Luis Pardo Sainz is the president of the Asociación de Radiodifusores de Chile (ARCHI).
SANTIAGO, Chile — According to a survey from GFK Adimark, released after fires ravaged parts of Chile in February, 82 percent of the population said they turn to radio, over other media for vital information. Social media came in second with 65 percent, television claimed third with 62 percent, followed by newspapers with 61 percent.
“There’s a practical reason for this choice,” explains Luis Pardo Sainz, president of the country’s radio broadcast association, Asociación de Radiodifusores de Chile. “Electricity often goes out during catastrophes, but radio stations can continue to transmit using their backup generators,” he said.

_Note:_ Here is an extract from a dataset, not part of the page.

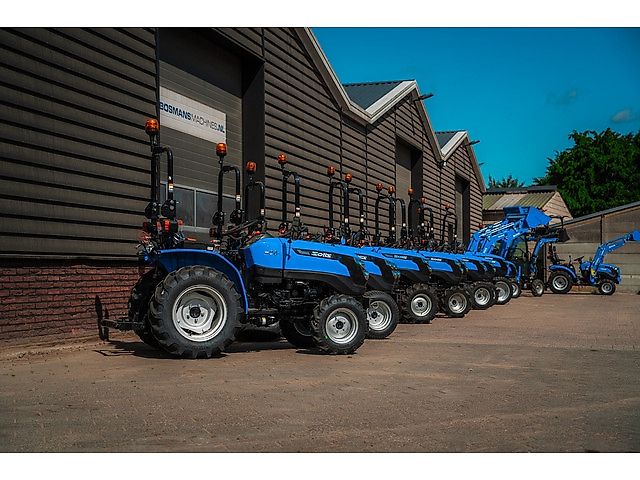 Solis 26 4WD 25 PK minitractor NIEUW €152 LEASE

To strengthen radio’s role during emergency situations, ARCHI organizes crisis management training courses to help journalists understand and accurately report on information related to seismic, volcanic and extreme weather conditions. “In some cases during disasters, local radio stations in Chile organize joint broadcasts, share information, equipment and provide general assistance,” Pardo added.
“Collaboration protocols between the Oficina Nacional de Emergencia del Ministerio del Interior y Seguridad Pública (the National Emergency Office of the Minister of the Interior and Public Security) and ARCHI are in place, and our organization actively participates in emergency planning,” continued Pardo. “When a major incident occurs, radio broadcasters in Chile are prepared to help out with the various aspects of crisis management. This brings calm and relief to many people.”
Pardo added that ARCHI has alliances with social and religious organizations such as Hogar de Cristo and Un Techo Para Chile, stating that together they also organize fundraising campaigns.
Because of radio’s importance in times of disaster, ONEMI has now decided to include a low-cost solar radio receiver in the emergency kit that is distributed to the population during emergencies. Designed by Shackleton Group Chile, this device, made of cardboard, runs without batteries or electricity.
Beyond emergencies, many Chileans still tend to favor radio over other forms of entertainment. Latest surveys show 80 percent of those over the age of 15 listening to radio frequently, while 62 percent listen to it daily.